BEGIN

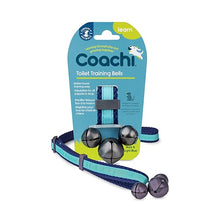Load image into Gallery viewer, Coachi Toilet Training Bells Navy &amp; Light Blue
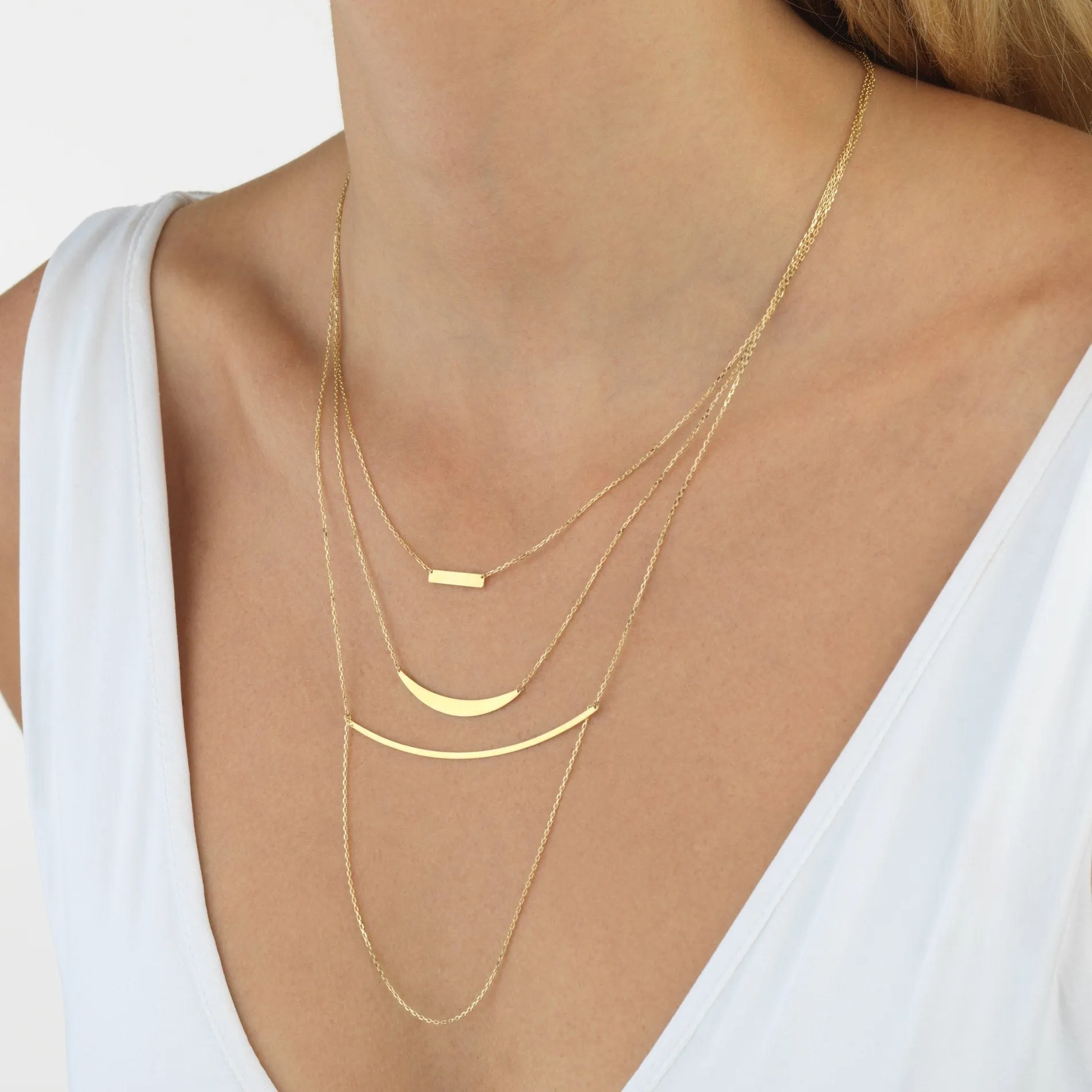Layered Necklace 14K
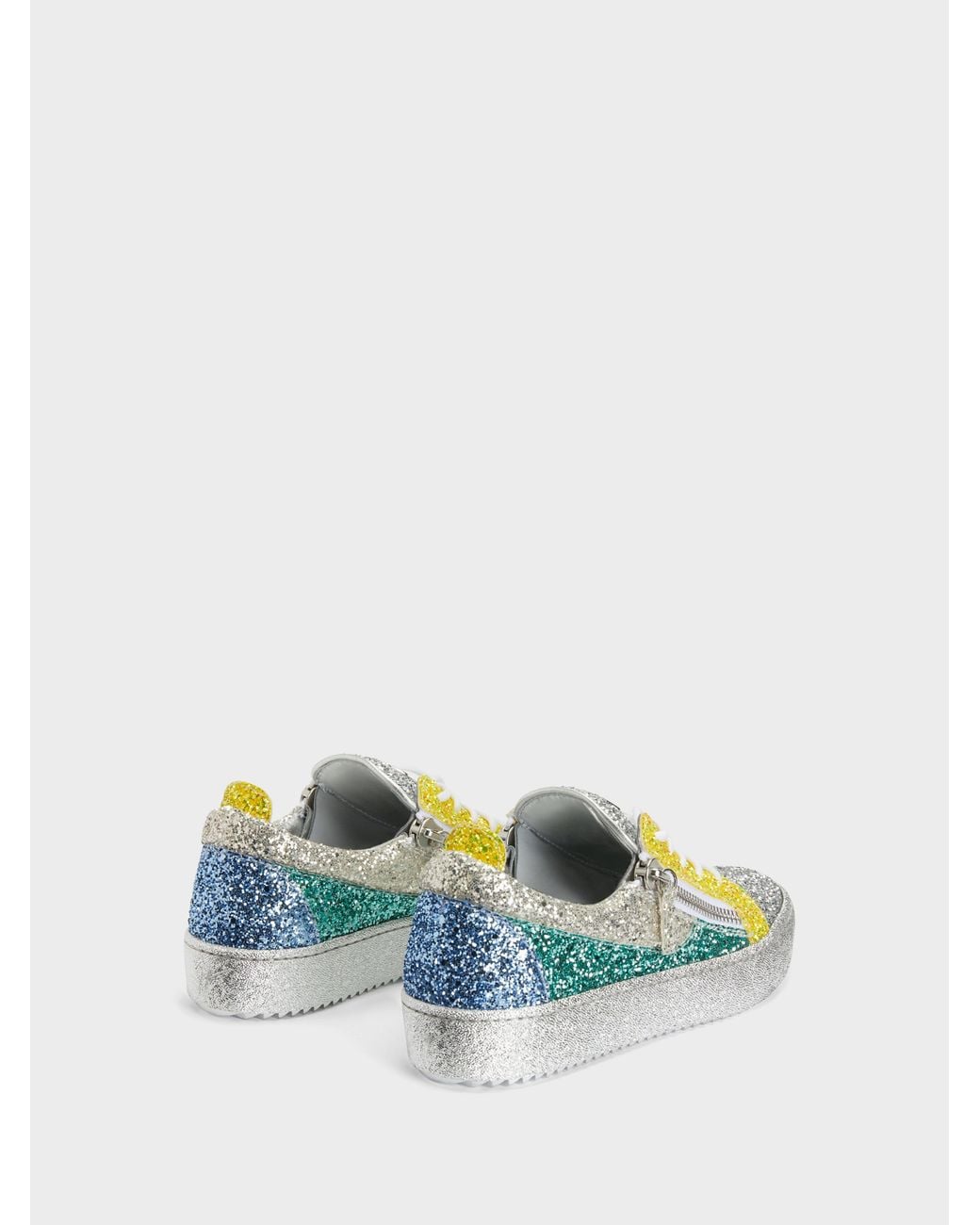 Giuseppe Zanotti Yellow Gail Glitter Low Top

END
BEGIN

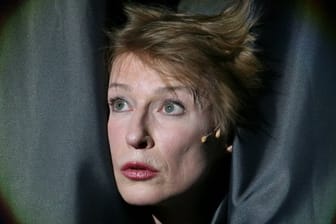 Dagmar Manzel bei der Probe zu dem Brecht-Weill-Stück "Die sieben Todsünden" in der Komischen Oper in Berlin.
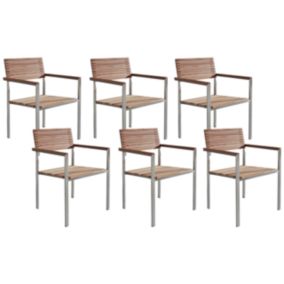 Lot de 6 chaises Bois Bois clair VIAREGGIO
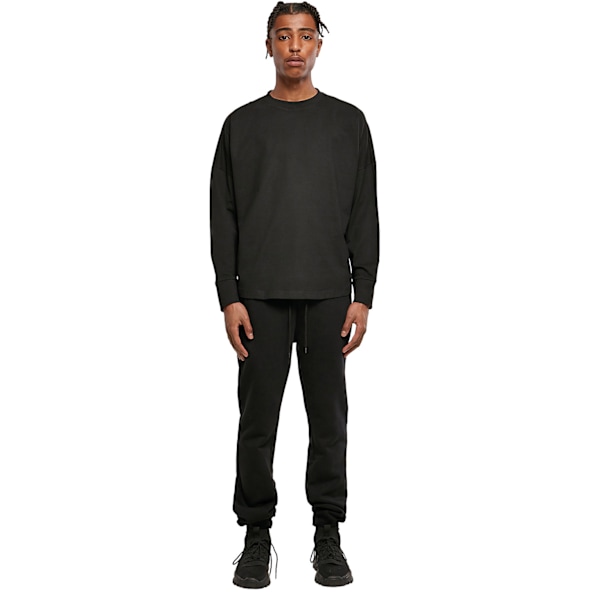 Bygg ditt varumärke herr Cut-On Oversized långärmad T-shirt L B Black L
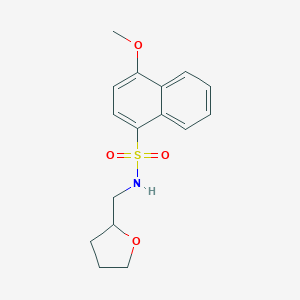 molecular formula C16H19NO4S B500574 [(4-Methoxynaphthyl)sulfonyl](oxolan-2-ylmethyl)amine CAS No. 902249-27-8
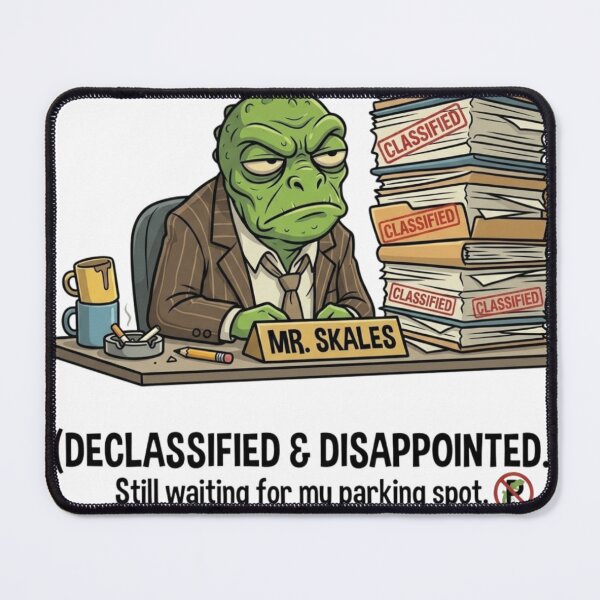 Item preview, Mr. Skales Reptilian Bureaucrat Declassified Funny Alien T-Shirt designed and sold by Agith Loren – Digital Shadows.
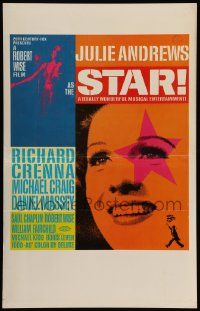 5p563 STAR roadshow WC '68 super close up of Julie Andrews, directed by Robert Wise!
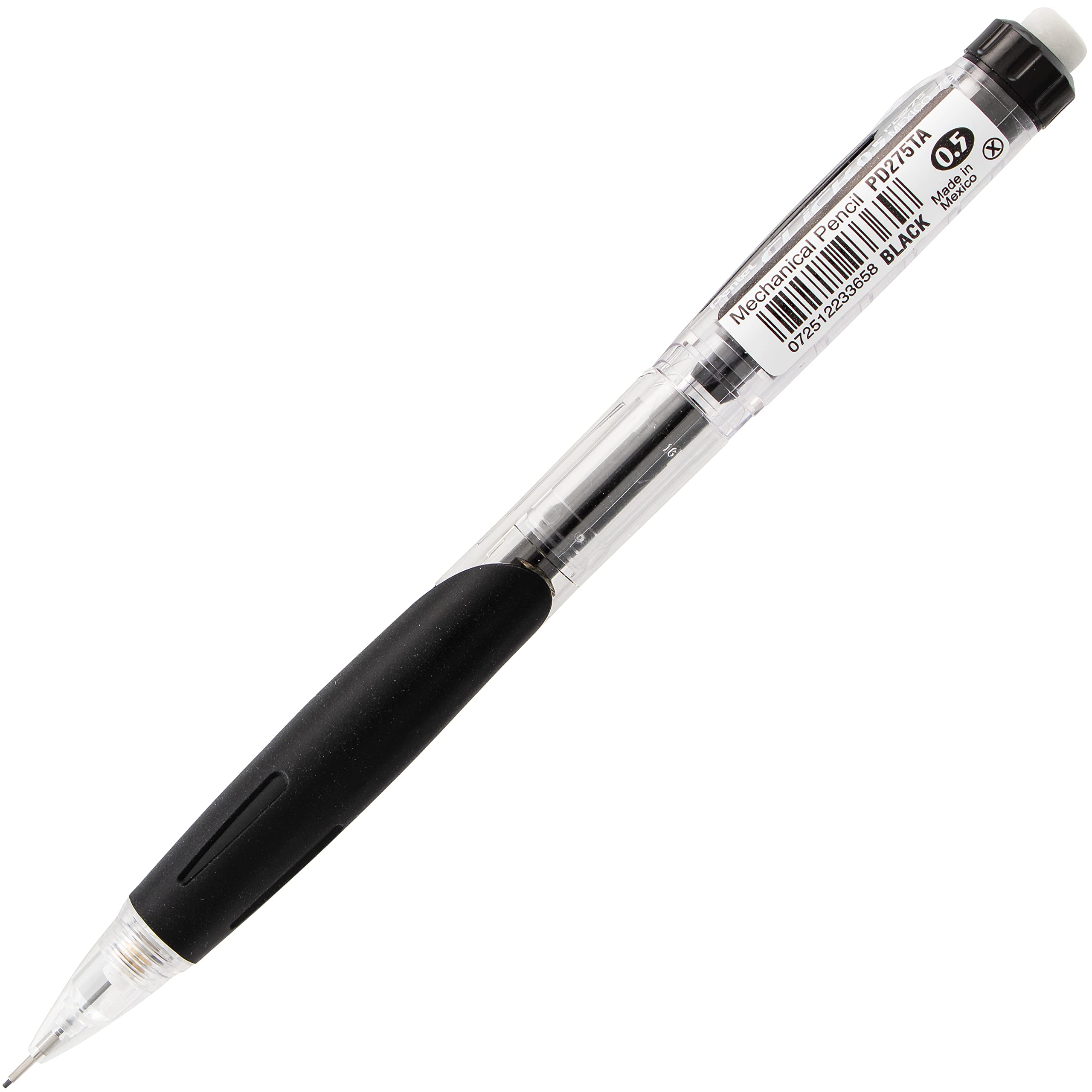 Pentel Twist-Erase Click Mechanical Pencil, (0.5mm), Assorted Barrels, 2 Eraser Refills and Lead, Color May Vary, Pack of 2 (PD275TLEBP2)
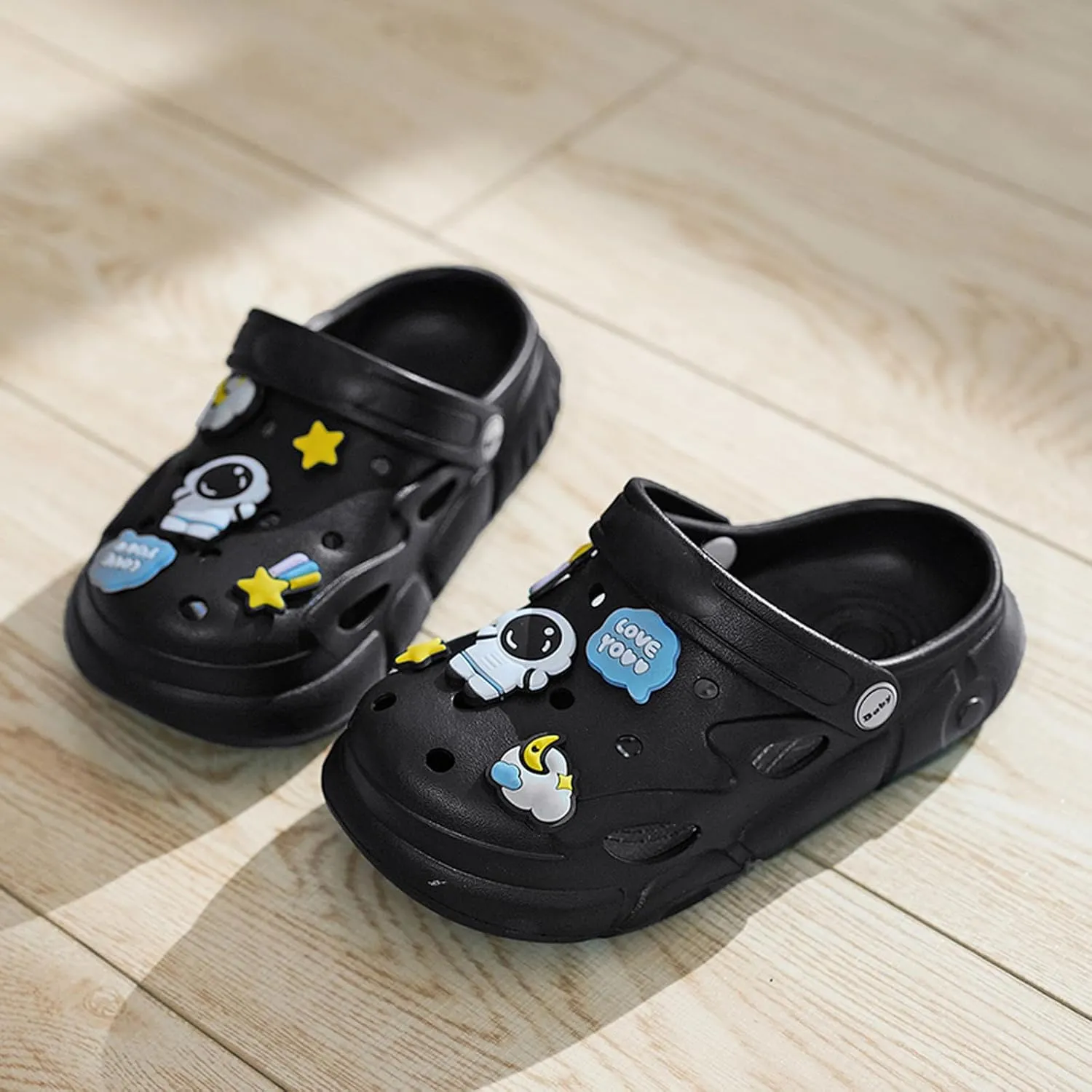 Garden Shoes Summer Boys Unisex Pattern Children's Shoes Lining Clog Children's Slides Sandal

END

(What to do) Please return the data above exactly as it stands from the line with "Bygg ditt varumärke" to the line with "Item preview, Mr.", keeping both of those lines but none of the pictures.

(Response for this exercise)
 Bygg ditt varumärke herr Cut-On Oversized långärmad T-shirt L B Black L
 molecular formula C16H19NO4S B500574 [(4-Methoxynaphthyl)sulfonyl](oxolan-2-ylmethyl)amine CAS No. 902249-27-8
 Item preview, Mr. Skales Reptilian Bureaucrat Declassified Funny Alien T-Shirt designed and sold by Agith Loren – Digital Shadows.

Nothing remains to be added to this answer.